Prompt >> In the data below, locate each line with the word "Chapter" and list it.

-------

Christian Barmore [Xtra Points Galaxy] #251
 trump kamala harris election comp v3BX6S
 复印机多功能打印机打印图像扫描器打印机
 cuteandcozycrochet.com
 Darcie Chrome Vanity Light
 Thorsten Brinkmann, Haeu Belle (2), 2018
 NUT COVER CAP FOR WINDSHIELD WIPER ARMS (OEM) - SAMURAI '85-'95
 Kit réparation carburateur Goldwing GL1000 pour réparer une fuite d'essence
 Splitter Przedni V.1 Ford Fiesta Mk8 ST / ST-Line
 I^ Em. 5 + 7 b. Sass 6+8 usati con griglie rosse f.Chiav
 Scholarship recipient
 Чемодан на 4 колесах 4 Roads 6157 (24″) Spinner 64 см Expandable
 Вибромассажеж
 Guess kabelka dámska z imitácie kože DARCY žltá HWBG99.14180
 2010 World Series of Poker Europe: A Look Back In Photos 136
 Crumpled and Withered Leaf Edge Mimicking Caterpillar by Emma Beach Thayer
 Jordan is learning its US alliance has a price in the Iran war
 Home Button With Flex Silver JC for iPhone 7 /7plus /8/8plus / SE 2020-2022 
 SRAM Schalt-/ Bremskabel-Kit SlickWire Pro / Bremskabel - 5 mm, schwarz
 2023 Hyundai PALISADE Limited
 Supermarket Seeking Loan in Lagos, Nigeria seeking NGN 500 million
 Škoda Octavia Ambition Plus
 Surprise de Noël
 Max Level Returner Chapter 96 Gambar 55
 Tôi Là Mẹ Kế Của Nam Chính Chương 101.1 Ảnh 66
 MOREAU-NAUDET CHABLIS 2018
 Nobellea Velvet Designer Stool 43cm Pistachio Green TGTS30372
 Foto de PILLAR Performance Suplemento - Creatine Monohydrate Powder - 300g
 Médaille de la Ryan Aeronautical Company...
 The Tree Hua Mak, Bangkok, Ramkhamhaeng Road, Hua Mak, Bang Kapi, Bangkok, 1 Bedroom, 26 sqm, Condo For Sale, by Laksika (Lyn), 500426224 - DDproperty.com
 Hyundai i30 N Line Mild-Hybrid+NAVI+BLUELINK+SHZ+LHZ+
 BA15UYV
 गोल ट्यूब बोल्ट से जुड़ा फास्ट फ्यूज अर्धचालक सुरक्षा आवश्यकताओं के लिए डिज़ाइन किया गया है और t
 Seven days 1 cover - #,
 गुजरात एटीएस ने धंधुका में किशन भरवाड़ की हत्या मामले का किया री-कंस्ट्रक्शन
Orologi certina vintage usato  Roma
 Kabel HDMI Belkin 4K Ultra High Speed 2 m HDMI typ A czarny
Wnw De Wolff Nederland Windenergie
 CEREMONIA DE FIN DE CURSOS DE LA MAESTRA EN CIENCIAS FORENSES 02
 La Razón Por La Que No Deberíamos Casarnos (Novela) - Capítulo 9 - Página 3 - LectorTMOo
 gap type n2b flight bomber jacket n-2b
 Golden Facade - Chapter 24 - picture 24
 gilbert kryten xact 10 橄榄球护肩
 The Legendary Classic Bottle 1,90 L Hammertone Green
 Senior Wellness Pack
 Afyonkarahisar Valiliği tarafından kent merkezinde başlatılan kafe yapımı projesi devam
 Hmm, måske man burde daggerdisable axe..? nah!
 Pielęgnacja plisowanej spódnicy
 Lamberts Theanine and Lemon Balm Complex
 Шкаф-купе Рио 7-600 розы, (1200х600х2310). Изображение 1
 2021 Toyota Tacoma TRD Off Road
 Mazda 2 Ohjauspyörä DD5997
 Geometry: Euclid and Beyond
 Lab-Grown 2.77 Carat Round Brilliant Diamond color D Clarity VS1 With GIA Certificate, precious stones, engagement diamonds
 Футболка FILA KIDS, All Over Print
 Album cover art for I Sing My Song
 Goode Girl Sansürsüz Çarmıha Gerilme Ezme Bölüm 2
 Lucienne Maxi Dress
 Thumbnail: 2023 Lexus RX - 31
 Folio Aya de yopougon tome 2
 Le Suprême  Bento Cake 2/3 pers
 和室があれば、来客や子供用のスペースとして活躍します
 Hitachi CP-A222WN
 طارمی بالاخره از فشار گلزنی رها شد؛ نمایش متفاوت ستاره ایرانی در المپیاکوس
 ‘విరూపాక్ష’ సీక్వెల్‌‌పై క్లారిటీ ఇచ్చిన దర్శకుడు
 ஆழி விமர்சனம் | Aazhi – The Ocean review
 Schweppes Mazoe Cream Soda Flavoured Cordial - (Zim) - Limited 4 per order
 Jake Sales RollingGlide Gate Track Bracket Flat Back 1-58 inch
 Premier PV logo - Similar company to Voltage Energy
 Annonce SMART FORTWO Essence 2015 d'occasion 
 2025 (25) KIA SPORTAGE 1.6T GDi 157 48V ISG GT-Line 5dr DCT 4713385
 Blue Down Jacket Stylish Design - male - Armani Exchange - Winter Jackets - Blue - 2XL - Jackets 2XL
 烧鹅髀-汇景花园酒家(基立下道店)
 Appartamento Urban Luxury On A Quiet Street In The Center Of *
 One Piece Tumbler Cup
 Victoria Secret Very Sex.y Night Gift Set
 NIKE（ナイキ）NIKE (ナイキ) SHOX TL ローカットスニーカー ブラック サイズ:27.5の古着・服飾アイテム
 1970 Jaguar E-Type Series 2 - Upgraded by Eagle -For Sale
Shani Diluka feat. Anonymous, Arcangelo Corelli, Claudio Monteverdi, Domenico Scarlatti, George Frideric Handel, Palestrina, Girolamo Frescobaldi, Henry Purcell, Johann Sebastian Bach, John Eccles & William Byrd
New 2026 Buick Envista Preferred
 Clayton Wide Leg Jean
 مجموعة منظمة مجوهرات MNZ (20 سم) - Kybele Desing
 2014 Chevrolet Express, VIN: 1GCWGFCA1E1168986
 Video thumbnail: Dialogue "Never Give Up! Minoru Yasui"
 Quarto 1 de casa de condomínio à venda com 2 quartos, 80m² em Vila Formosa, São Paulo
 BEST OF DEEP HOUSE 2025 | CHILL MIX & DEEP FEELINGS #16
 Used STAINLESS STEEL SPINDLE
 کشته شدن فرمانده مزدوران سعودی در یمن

-------

The answer >>
 Max Level Returner Chapter 96 Gambar 55
 Golden Facade - Chapter 24 - picture 24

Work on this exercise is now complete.